Una complicidad entre grada y césped que contrasta con la distancia abismal que los separa a ambos de la directiva del club.
Cuando el rival se sienta en el palco
De todos, puede que el rival más difícil al que se haya tenido que enfrentar el Rayo no esté en el césped, sino en el palco –como rezaba una pancarta desplegada en agosto de 2021 en la fachada del estadio–. Hoy lo deja claro una pintada en uno de los costados del edificio, dedicada a Raúl Martín Presa, presidente del club desde 2011: «Presa, caerás antes que el femenino».

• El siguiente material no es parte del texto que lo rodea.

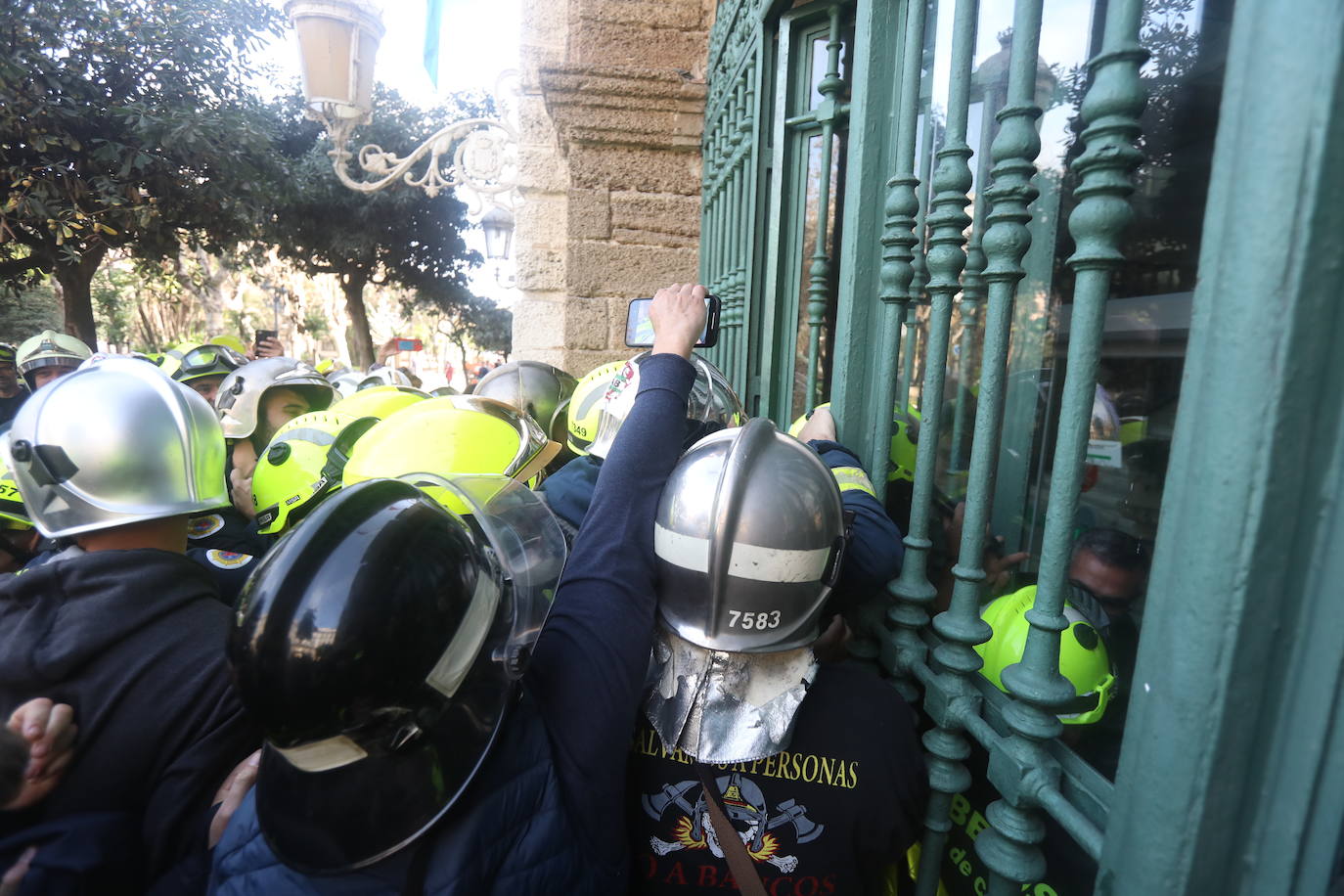 Vídeo y fotos: la protesta de los bomberos en Cádiz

La referencia apunta a una de las realidades más dolorosas de su historia: el desmantelamiento del Rayo femenino. Fundado en el año 2000, por él pasó la actual campeona del mundo Jenni Hermoso y puede presumir de ser el equipo que más títulos ha dado al club. «Dos de las mejores jugadoras de este país, Natalia Pablos (máxima goleadora) y Alicia Gómez (la que más partidos ha jugado) han estado aquí. Trajeron la Champions y al Arsenal. Casi tendrían que tener el nombre de una puerta o una estatua. Pero las hicieron salir por la puerta de atrás: la despedida de Alicia fue un tuit citado«.
Es solo uno de tantos ejemplos de la dejadez que denuncian el equipo y la hinchada, como que no se vendan las entradas online, que el verdadero peso de la comunicación lo lleven los rayistas o que en el escaparate de la tienda lo único que rompa el silencio de las baldas sea una taza solitaria. Pero lo más grave de todo, como llevan años señalando sin que Presa se hiciera cargo, es la situación en la que se encuentra el propio estadio y de la que da cuenta una inspección a la que ha tenido acceso El Confidencial.
Ese sería el motivo tras la urgencia de la presidenta de la Comunidad de Madrid, Isabel Díaz Ayuso, en trasladar al equipo de estadio y barrio –algo que ya plantearon en su día los Ruiz-Mateos, con la idea de llevarlo a Valdecarros–: «Cada vez es más insostenible que sigan en Vallecas», declaró Ayuso al Diario As.
La respuesta de los aficionados en contra del traslado ha sido rápida y contundente desde el primer momento, porque lo único insostenible parece que el Rayo no esté en Vallecas: «Llevarse el estadio sería despatrimonializar al equipo y al barrio». Para el periodista y otros rayistas hay también una intuición compartida: «Lo que supone a nivel humano y social el Rayo y el rayismo es algo que desentona y puede llegar a molestar en ese proyecto de Madrid aséptico que a veces parece una partida de Los Sims que alguien se ha dejado a medias».
«La sensación es la de que el equipo está secuestrado institucionalmente: el sentir de la afición va por un lado y la gestión del propietario va por otro», señala Pato.
El futuro es incierto, pero en la escritura de Ignacio Pato –como encuentro también en la de autoras como Belén Gopegui– hay un compromiso real, ineludible, con la esperanza: no como un mantra en el que esperas creer por repetición, sino como una convicción profunda. Una deuda con el otro. Por eso es un libro que, desde la dedicatoria, mira a futuro: «Al rayismo que viene y a la Vallecas que será».
«¿Cómo te los imaginas?», le pregunto. «Imagino una Vallecas combativa como lo ha sido siempre, que tendrá altibajos en el ánimo, más o menos tiempo o energía… Pero soy optimista. Como dicen Biznaga, están pasando cosas en la calle y los chavales saben cómo organizarse. Y al rayismo me lo imagino con su equipo jugando en el estadio en el que está jugando. El suyo«.
De vuelta a casa cojo el metro en Portazgo. Me subo en el último vagón y saco el libro de la totebag para leer la dedicatoria. Le saco una foto y lo vuelvo a guardar. Mientras hago el recorrido inverso al que muchos aficionados hacen en día de partido, me viene a la cabeza una conversación, días antes, con un amigo. Él, muy del Real Zaragoza, comparaba el sentimiento zaragocista con la oda a la calabaza de Amanece que no es poco (1989): «Pudiendo ser de cualquier otro equipo, elegimos ser de este». A mí ahora, sin embargo, subida en este vagón de la línea 1, me parece que el matiz es otro: «Pudiendo ser de este, ¿por qué iba a querer ser de cualquier otro?».